[[ DATA RECORDS open ]]

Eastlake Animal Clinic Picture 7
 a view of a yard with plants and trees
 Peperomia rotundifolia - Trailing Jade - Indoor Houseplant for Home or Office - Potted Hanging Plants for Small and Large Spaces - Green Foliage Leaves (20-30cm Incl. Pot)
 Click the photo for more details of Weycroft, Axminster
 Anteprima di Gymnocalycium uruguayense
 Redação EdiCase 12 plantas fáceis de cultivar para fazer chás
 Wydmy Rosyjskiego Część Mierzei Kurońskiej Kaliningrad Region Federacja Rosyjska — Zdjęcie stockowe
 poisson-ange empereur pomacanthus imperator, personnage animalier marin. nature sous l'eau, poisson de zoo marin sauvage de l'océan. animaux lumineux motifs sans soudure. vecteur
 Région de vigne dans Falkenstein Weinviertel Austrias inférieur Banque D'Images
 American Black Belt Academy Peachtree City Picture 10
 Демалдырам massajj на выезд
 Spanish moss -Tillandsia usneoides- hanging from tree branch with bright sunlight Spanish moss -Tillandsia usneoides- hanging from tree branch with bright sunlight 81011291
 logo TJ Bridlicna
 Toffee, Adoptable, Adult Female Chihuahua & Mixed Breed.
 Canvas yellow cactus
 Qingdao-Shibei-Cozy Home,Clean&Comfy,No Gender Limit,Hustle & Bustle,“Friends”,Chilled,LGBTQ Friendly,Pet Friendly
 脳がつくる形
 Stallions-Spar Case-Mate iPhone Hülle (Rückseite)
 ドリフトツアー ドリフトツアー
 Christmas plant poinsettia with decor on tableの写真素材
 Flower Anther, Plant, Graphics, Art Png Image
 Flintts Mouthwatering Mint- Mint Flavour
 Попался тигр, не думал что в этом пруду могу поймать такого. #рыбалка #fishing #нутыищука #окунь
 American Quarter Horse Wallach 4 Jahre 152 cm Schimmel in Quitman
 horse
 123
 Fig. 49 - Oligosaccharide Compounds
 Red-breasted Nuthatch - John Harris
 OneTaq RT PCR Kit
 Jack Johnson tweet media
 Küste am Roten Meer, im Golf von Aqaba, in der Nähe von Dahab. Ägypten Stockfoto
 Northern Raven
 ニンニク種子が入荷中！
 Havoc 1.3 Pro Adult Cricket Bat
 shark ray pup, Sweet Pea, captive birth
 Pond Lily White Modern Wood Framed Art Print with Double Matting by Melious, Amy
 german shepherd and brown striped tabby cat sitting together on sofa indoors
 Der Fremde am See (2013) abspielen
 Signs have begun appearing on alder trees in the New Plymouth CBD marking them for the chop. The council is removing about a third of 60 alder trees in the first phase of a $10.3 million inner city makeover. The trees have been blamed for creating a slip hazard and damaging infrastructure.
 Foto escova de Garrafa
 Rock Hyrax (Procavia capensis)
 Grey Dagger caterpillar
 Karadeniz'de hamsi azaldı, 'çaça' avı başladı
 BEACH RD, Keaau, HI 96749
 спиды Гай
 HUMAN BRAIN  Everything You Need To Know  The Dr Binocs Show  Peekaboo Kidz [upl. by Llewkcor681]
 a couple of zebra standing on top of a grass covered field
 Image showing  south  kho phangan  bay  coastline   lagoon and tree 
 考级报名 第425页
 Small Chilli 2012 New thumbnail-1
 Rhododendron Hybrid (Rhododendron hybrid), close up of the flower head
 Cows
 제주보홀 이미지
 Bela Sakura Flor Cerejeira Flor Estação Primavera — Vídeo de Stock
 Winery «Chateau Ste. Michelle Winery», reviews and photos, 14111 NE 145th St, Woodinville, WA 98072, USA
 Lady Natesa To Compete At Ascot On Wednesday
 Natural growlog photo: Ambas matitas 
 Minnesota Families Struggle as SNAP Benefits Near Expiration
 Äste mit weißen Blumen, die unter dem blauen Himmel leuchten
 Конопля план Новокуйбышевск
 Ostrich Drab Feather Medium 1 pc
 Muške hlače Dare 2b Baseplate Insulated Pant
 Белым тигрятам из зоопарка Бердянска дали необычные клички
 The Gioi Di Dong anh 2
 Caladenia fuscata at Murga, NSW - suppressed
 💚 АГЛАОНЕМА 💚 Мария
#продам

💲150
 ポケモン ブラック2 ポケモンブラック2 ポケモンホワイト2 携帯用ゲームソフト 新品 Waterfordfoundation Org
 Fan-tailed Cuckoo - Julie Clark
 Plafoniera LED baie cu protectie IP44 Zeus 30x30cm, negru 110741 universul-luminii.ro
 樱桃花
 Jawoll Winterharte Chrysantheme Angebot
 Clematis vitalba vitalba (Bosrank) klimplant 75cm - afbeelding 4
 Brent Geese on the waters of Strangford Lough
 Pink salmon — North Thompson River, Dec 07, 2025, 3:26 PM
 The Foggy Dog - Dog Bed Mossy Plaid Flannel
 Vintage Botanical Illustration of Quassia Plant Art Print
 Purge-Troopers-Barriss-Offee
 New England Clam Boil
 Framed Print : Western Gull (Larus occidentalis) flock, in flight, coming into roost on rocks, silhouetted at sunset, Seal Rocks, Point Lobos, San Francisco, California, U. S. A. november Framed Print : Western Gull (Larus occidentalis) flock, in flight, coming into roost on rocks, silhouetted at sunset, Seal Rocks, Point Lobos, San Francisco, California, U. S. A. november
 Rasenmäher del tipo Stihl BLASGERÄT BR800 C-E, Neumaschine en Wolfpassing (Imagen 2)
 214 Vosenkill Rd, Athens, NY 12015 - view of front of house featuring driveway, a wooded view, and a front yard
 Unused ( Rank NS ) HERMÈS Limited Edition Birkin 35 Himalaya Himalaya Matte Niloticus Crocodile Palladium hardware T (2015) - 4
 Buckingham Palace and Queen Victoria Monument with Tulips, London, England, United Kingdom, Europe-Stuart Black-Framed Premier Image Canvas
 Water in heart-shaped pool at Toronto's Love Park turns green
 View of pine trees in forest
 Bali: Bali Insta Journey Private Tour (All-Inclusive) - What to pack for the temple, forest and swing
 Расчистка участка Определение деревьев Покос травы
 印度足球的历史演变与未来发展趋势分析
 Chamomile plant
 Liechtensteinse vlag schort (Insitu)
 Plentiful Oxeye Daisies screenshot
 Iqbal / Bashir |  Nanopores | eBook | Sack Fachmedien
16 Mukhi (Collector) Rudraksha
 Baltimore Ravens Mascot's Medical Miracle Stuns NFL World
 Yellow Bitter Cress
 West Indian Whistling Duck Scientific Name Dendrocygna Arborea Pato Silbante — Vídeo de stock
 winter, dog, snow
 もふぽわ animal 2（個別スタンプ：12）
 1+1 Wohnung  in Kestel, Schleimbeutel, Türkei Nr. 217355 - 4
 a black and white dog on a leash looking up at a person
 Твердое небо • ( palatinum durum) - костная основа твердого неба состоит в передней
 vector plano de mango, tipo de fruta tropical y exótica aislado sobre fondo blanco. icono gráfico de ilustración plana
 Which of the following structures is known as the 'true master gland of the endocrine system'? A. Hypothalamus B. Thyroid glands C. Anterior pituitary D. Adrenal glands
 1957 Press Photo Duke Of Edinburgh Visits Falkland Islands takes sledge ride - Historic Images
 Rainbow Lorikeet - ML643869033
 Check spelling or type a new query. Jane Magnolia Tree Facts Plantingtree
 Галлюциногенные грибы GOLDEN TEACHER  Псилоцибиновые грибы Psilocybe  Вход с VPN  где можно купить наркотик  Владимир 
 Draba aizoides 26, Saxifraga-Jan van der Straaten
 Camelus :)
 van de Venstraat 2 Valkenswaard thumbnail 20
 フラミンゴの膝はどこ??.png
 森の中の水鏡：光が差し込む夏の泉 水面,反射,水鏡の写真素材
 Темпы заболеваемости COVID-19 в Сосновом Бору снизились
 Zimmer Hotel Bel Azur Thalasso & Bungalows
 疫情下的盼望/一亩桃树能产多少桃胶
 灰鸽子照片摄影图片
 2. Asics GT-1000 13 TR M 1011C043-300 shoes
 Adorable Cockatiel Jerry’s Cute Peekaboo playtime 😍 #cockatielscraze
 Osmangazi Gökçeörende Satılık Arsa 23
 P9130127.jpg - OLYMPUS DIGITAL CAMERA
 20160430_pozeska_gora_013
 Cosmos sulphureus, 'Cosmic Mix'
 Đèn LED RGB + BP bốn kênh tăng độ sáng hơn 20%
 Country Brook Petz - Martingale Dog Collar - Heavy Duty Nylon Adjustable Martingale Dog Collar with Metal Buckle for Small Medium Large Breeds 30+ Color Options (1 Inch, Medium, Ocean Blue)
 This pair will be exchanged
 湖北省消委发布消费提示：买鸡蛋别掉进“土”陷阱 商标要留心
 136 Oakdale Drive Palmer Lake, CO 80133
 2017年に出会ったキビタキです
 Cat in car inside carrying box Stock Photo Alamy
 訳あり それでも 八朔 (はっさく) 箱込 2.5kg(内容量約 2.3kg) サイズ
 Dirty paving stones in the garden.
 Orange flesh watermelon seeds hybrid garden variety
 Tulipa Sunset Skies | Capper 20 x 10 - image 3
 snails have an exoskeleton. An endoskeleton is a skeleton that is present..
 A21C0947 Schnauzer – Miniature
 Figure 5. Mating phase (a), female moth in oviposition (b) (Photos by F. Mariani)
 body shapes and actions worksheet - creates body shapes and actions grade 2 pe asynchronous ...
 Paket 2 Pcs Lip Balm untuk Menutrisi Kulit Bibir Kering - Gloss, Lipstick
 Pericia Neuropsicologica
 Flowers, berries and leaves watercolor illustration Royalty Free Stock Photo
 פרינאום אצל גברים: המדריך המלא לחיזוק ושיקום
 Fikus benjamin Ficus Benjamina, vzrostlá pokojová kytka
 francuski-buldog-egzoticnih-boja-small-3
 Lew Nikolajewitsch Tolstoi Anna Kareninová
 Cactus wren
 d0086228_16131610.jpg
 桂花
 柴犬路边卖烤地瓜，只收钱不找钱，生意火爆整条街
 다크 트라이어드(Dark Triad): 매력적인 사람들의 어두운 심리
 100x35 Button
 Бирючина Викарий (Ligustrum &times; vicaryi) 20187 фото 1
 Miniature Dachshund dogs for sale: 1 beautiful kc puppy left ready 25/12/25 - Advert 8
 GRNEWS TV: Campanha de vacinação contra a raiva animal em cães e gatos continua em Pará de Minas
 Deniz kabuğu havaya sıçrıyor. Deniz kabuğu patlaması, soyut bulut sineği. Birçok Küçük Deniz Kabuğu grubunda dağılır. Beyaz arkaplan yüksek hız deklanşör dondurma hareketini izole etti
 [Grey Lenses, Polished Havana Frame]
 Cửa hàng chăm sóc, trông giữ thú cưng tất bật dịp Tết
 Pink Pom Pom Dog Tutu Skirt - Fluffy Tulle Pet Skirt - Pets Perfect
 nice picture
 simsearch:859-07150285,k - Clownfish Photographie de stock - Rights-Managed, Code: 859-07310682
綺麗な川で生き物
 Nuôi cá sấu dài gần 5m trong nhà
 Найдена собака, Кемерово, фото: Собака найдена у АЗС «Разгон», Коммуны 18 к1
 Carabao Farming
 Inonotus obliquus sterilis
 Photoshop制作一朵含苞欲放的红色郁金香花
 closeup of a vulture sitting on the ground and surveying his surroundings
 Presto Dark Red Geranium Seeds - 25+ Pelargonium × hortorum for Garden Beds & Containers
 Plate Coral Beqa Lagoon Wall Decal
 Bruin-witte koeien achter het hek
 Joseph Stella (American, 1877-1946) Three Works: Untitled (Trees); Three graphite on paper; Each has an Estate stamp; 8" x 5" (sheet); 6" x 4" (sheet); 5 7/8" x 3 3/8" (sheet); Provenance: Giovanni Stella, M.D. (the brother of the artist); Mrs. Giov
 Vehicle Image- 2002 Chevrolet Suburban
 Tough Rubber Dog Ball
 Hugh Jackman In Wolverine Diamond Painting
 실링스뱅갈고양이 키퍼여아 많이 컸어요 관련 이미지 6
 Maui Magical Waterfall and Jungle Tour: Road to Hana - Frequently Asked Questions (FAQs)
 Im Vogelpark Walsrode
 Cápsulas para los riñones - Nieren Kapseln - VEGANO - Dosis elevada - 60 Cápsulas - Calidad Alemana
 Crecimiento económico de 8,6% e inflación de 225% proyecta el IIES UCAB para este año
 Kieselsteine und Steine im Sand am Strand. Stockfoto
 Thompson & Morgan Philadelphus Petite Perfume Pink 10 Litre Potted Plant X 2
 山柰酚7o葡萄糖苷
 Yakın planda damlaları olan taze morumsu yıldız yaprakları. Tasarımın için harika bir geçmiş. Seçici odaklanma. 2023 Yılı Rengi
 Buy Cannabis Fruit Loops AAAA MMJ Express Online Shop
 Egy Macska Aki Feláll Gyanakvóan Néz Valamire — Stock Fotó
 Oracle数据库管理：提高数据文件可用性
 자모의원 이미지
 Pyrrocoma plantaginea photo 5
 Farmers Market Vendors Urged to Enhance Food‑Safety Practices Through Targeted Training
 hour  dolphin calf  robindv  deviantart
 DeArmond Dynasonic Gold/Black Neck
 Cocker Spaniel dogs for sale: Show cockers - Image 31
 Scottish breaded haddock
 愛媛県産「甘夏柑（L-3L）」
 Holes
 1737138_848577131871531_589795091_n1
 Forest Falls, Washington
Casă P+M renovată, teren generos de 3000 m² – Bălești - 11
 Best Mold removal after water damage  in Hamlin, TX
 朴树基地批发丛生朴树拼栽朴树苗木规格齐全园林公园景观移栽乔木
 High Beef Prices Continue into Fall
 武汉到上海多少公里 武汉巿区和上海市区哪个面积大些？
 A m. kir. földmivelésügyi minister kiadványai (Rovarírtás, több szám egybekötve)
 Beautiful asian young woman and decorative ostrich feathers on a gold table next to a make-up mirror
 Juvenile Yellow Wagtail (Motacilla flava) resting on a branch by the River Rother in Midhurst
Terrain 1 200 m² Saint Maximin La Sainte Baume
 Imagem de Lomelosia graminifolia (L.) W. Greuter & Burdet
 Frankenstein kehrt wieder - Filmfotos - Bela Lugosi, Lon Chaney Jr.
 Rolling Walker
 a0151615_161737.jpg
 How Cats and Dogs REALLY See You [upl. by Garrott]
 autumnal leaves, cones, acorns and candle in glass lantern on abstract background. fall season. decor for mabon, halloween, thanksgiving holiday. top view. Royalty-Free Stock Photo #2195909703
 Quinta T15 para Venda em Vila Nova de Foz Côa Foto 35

[[ DATA RECORDS closed ]]

YOUR GOAL >> Tell how many lines above include "Dark", and add no other text.

ANSWER FOR THIS EXERCISE >> 2